Seit 106 Jahren ruht die „Mainz“ in einer Tiefe von etwa 30 Metern gut 40 Seemeilen westlich von Helgoland. Ihre Altlasten könnten noch immer gefährlich sein. „Der Gefährdungsgrad hängt nicht vom Alter der Munition ab“, sagt Matthias Brenner, Meeresbiologe am Alfred-Wegner-Institut, Helmholtz-Zentrum für Polar- und Meeresforschung (AWI). „Manches ist auf dem Meeresboden komplett korrodiert, anderes vollständig intakt. Es ist alles da, die gesamte Bandbreite.“
Und es ist viel da, sehr viel sogar. Auf 1,3 bis 1,6 Millionen Tonnen wird die Munitionsmenge in der deutschen Nord- und Ostsee geschätzt: Überreste von gesunkenen Schiffen, von Flugzeugwracks oder Seeminen, vor allem aber auch Granaten, Bomben und Patronen, die im und nach dem Zweiten Weltkrieg einfach im Meer entsorgt worden sind. Ein Güterzug mit diesen Munitionsresten beladen, würde von Kiel bis Rom reichen.
„,North Sea Wrecks' ist ein absolutes Pionierprojekt“, erzählt Dr. Sven Bergmann, Kulturanthropologe am Deutschen Schifffahrtsmuseum (DSM) / Leibniz-Institut für Maritime Geschichte und wissenschaftlicher Koordinator des Vorhabens. „Es ist das erste Mal, dass die Auswirkungen der Kriegshinterlassenschaft auf die Flora und Fauna der Nordsee untersucht werden.“ Als Giftstoffquelle gefährden sie womöglich nicht nur Mensch und Umwelt. Die explosiven Objekte stellen auch ein Risiko dar für die zunehmend kommerzielle Nutzung der Nordsee, etwa durch Offshore-Windpark-Anlagen, Aquakulturen und die private wie kommerzielle Seefahrt. „Niemand weiß genau, wo was liegt“, sagt Bergmann.

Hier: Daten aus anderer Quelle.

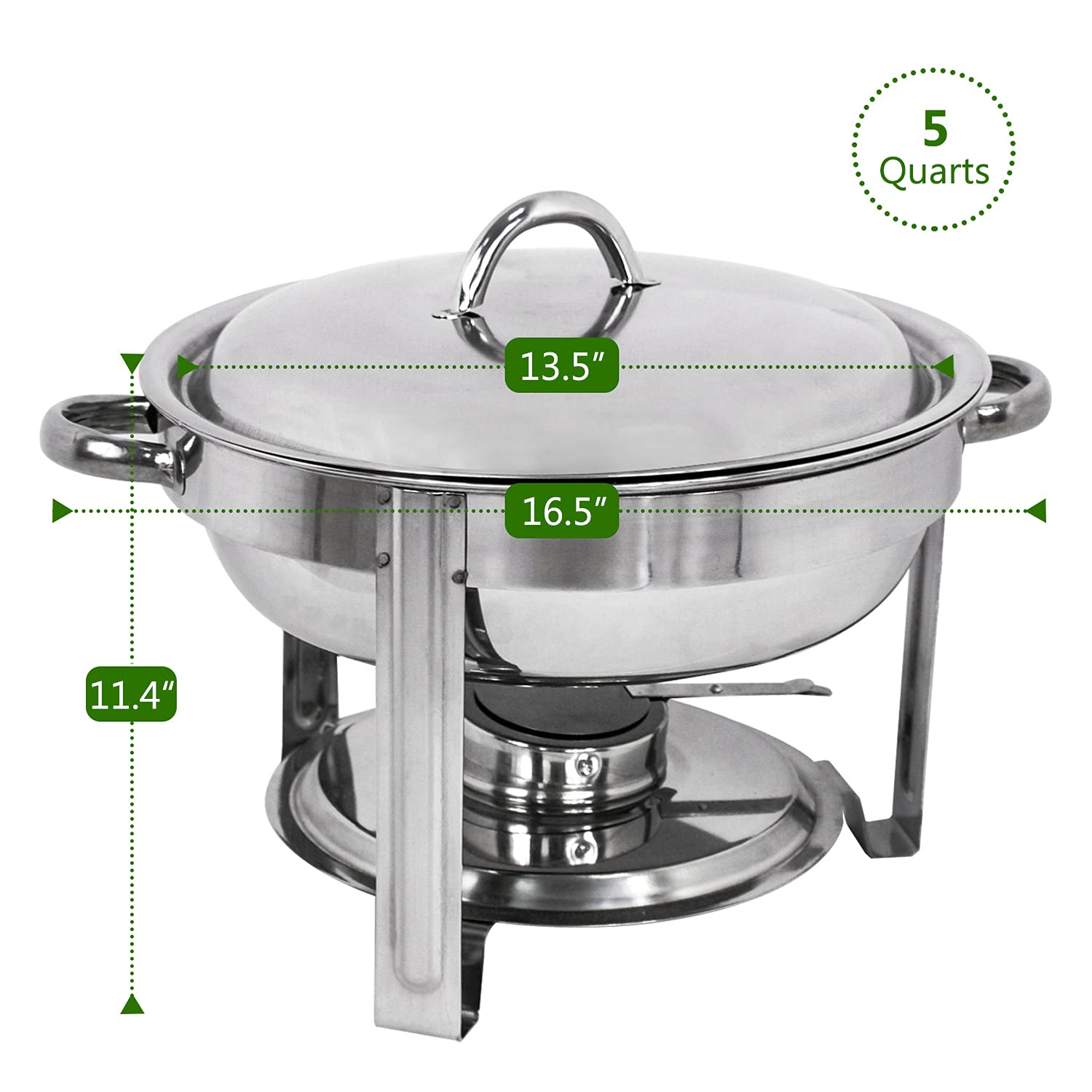 ZENY Pack of 4 Round Chafing Dish Full Size 5 Quart Stainless Steel Deep Pans Chafer Dish Set Buffet Catering Party Events Warmer Serving Set Utensils w/Fuel Holder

Mit vier Millionen Euro kofinanziert die Europäische Union das Gemeinschaftsprojekt, an dem auch die Nordseeanrainer Belgien, Niederlande, Dänemark und Norwegen mitwirken. Neun Partner sind daran beteiligt, darunter gleich drei Mitglieder der U Bremen Research Alliance: das DSM, das die Projektleitung innehat, das AWI und die Universität Bremen in Person des Unterwasserarchäologen Dr. Philipp Grassel. Was die Altlasten auf dem Meeresgrund anrichten könnten, interessierte Jahrzehnte nicht. „Es galt das Motto: Aus dem Auge aus dem Sinn. Man hat die Munitionsreste gar nicht als Problem erkannt“, erläutert Grassel. Das änderte sich erst, als Ergebnisse von Untersuchungen in der Ostsee vorlagen, die auf Drängen von Ländern wie Polen und Litauen durchgeführt worden waren. Dabei wurden erhebliche Belastungen durch giftige Substanzen festgestellt. „Durch die gesamte westliche Ostsee wabert ein TNT-Süppchen“, schildert Matthias Brenner das Problem. Fische in diesen Verklappungsgebieten haben eine deutlich höhere Tumorrate, Ablagerungen in den Muscheln sind toxikologisch bedenklich. „Wir vermuten, dass es in der Nordsee ähnlich ist“, fürchtet Brenner.
„Durch die gesamte westliche Ostsee wabert ein TNT-Süppchen. Wir vermuten, dass es in der Nordsee ähnlich ist."
Sicher ist das nicht. Der Tidenhub, die Strömung und damit der Wasseraustausch sind in der Nordsee sehr viel höher beziehungsweise stärker als im Binnenmeer Ostsee. Das gilt auch für die Sedimentbewegungen am Meeresboden, die Wracks verbergen und sie erst Jahre später wieder freigeben können. „Wir untersuchen, ob man etwas nachweisen kann. Ist das nicht der Fall, dann ist das auch ein Ergebnis“, meint Bergmann.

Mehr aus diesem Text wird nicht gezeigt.